Maybe the end of the world is coming afterall - the Jehovahs Witnesses were in our neighborhood last weekend, too. 

We had the annual neighborhood yard sale. It was cold, windy and the Jehovah's were the biggest crowd that showed up. Didn't buy much, though. 

I'm going back to eBay to sell my junk, no pamphlets that way.


----------



## morgan8586 (Aug 30, 2006)

Pamphlets were passed out here last week. Im in Ohio, this must be a huge undertaking to save us all.

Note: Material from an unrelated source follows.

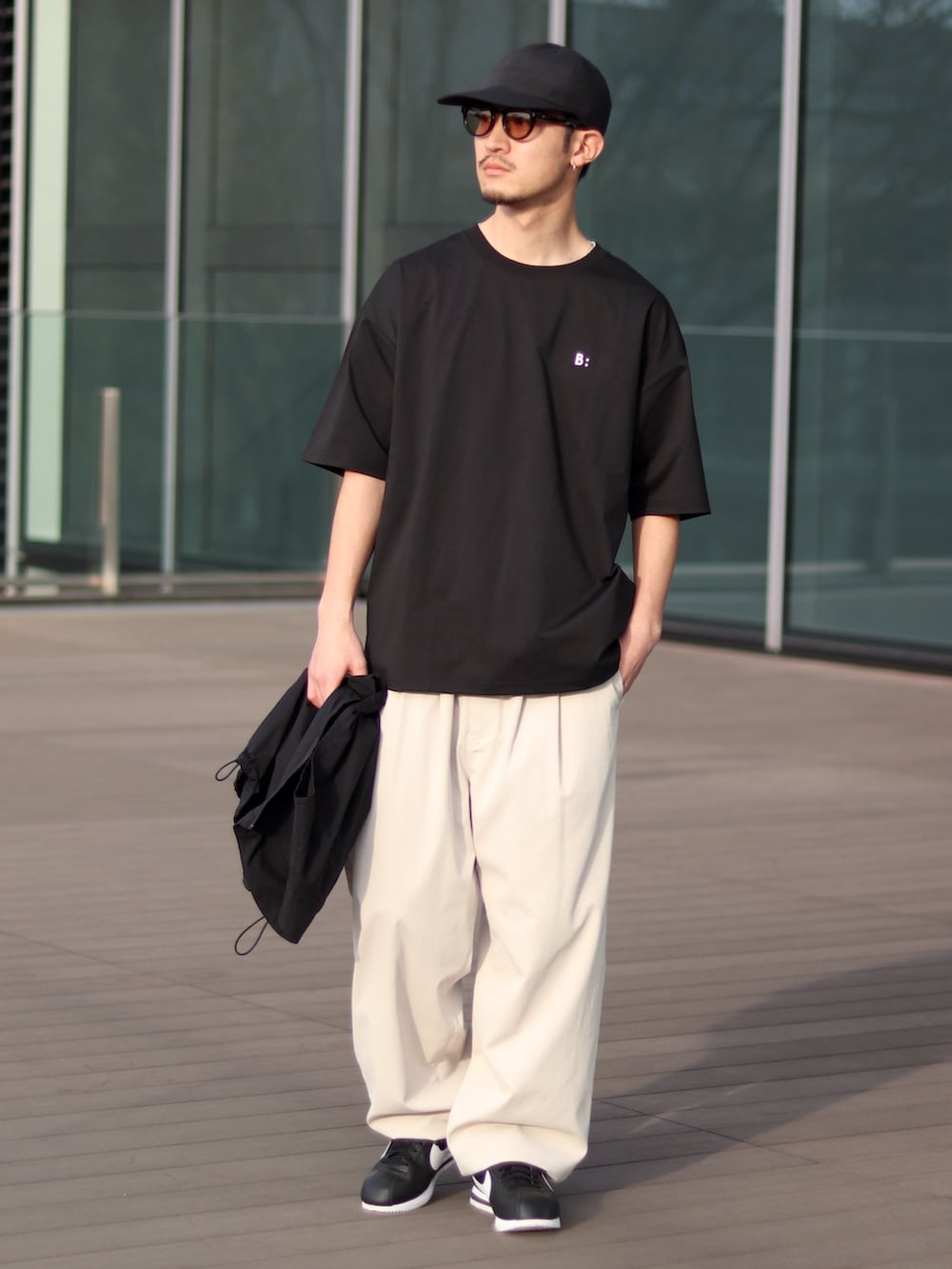 ブラック系のTシャツ/カットソー、ホワイト系のチノパンツ、ブラック系のスニーカーを着用したメンズの春コーディネートの4枚目の写真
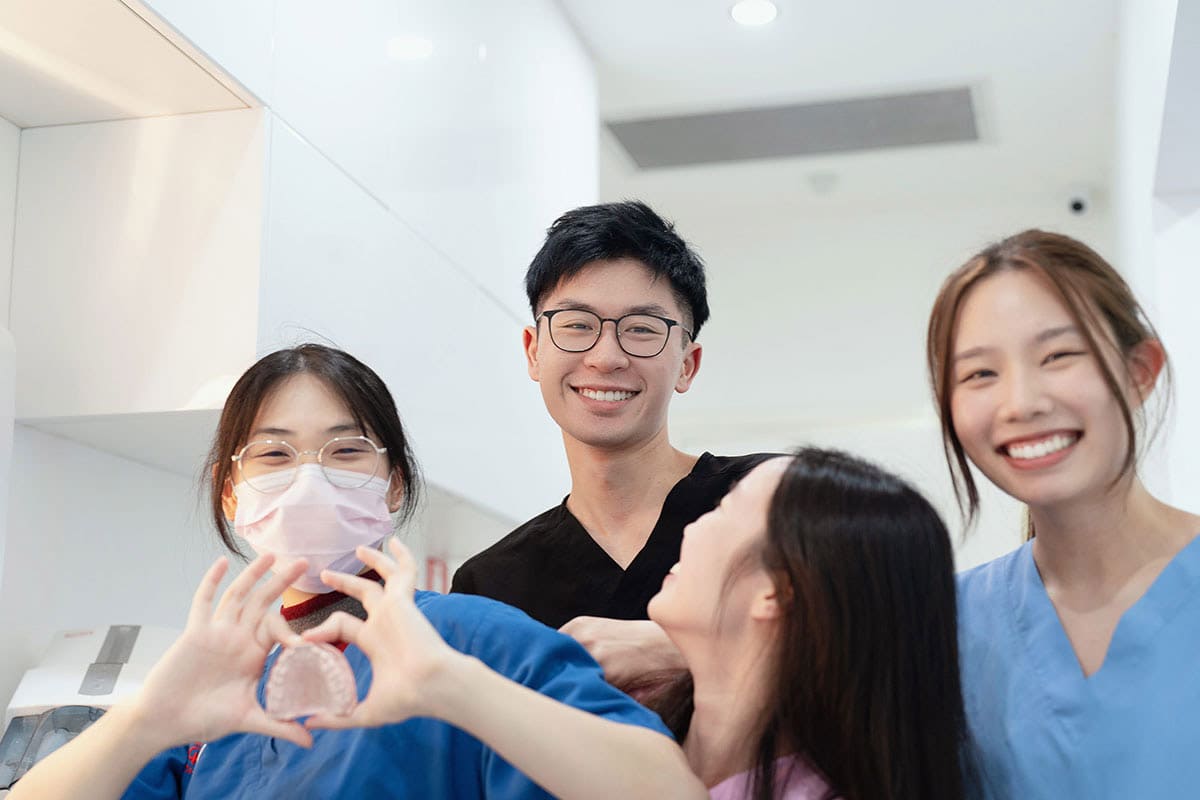 WOW Dental 官网图库中四位工作人员在诊疗室内展示牙齿模型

We should be honored.......snicker,snicker


----------



## gypsichic (Jun 6, 2006)

include my house in this vast undertaking of saving us............lol

I wasn't home though dammit..........my b-i-l was at my house and he had the pleasure of dealing w/4 women that actually stopped their car and proceded to tour our yard then come to the door............they were giving him the whole 'it's a satanic holiday' spiel............lol


----------



## HibLaGrande (Sep 25, 2005)

slimy said:


> I think we should start our own religion and hang out at the kingdom hall's and try to convert Jehovah's witnesses.
> 
> Who's with me?


good luck! they are hard core brainwashed.:zombie:


----------



## morgan8586 (Aug 30, 2006)

A funny thing happened this evening and it didnt included any JW's. Things were starting to wind down, when I saw two very large teens walking up the street. They were dressed as the Insane Clown Posse. They had to be 16 or 17 years old. As they lumbered up the sidewalk, my six year old daughter met them at the porch with the bowl of treats. As they stood there looking down at my daughter, the larger of the two said " Man am I embarrassed. This situation should be reversed...I should be passing candy out to you. The things I guy will do for a free piece of Chocalate." I have to tell you, I laughed my a$$ off. I told my daughter to give them double. As they lumbered away, they asked how much time was left. I told them 10 min. They then crossed the street to the neighbor, when she answered the door, I heard her giving them a hard time concerning their age.This only made me start to laugh again. My daughter must have thought I was losing my mind.....


----------



## Dr Morbius (Sep 21, 2004)

Great story, Krough..

As far as older teens TOTing, I always get the "I'm TOTing for my sick little brother at home" story..I say..suuuuure you are. And I give them Candy anyway, as I really appreciate TOTing, no matter the age. I don't want to see it die out.


----------



## Long_Tom (Oct 7, 2006)

I give candy to everybody, chaperones included. You're sitting there talking shop with them, and when they turn to go, you give 'em a handshake -- in the process pressing a gummy eyeball into their unsuspecting palm. When they realize what happened, just for a second they're a kid again. I think that's worth a bag or two extra of candy on my budget.


----------